In December, the BBC rolled out mandatory antisemitism training for staff for the first time, an online course required across the organisation. It took twenty-six months from the 7 October massacre, for the BBC to find the time to implement something that Jews in our industry have been politely asking for years. The course takes twenty minutes to complete and avoids the single greatest challenge the BBC faces; the fact that antisemitism within its ranks has been systematically laundered through antizionism for years. If this is the scale of response deemed sufficient for a crisis this deep, then God help us. This is not education, it is box-ticking theatre.

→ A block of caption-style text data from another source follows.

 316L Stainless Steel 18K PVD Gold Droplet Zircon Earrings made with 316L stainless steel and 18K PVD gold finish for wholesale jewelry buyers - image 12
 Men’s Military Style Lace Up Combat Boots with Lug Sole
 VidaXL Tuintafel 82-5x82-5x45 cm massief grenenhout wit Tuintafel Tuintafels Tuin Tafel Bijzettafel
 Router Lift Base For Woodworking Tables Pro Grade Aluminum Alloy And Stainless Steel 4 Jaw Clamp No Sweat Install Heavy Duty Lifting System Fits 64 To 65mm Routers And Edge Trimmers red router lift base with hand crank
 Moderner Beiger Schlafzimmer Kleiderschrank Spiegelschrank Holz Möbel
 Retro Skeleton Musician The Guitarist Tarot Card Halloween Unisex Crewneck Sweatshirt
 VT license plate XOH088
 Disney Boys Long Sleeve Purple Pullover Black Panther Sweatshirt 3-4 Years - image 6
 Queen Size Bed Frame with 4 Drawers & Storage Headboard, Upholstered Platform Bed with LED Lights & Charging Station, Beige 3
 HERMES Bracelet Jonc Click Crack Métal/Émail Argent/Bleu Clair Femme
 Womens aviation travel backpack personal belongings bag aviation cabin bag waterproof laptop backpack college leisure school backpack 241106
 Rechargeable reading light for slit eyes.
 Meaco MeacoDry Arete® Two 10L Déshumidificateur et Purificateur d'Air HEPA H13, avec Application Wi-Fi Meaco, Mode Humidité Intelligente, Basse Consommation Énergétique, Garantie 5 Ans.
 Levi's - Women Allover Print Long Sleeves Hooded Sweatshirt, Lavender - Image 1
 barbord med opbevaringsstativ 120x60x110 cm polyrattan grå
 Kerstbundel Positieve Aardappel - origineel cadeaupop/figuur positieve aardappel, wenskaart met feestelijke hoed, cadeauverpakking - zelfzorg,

At this point, the BBC’s response to criticism has become as predictable as the behaviour being criticised. We will be told these are isolated incidents, that context matters, that mistakes were made, that lessons have been learned. That the corporation “takes antisemitism extremely seriously”.

We have heard all of this before.

What we have not seen is accountability proportionate to the scale of the failure. We have not seen senior editorial judgment meaningfully challenged. We have not seen a serious reckoning with the way antizionism has been used, repeatedly, as respectable cover for antisemitism within the organisation.

Instead, we see the same patterns reassert themselves, across news, factual output and entertainment, even after leadership collapse and public disgrace. That is not reform, it is the true hallmark of Auntie, institutional self-protection. The BBC does not have a perception problem, it has a reality problem. No amount of carefully worded statements or internal process reviews will change that.

Trust is not restored by insisting it still exists. It is restored by action, visible, uncomfortable, structural action and by a willingness to confront the culture that produced this crisis in the first place. Until that happens, every denial will sound hollow, every clarification defensive and every appeal to impartiality will ring false.

A new Director-General and a new Head of News will need to be appointed. Surely no one seriously believes Jonathan Munro is fit for the job, the same interim head of news who, seemingly without irony, thought he was paying BBC Arabic a compliment when he described its journalism as “almost as trusted as Al Jazeera.” The fact that such a comparison could be offered as praise tells you everything about how far the rot has spread.

Another review, another apology, another training module designed to tick a box and change nothing, these are meaningless. The small matter of the upcoming charter review, perhaps the only process the BBC’s chair and board genuinely understand to be existential, that is the moment, the moment of truth.

Because what is at stake here is not whether the BBC has offended a community, it plainly has, but whether Britain’s most powerful cultural institution still understands its responsibility to the country it serves.

A publicly funded broadcaster that treats facts as optional, buries national scandals, erases Jews from their own history and confuses activism for journalism is not neutral, it is not impartial and it is not entitled to the trust it continues to demand.

The question now is simple, how much more evidence is required?

If this does not prompt change, then the conclusion is unavoidable, the BBC does not believe it has a problem serious enough to warrant one. If that is the case, then the British public must decide whether an institution so captured by its own worldview still deserves its privileged place in national life.

Silence is no longer neutrality, delay is no longer caution and pretending this will resolve itself is no longer credible.

Change will come, either because the BBC chooses it, or because the country insists on it. The first question is how much damage will be done before that happens. When it does, no one will be able to claim ignorance, only a choice between speaking when it mattered or staying silent when it was easier.

The views expressed are the author's own and not necessarily those of Jewish News.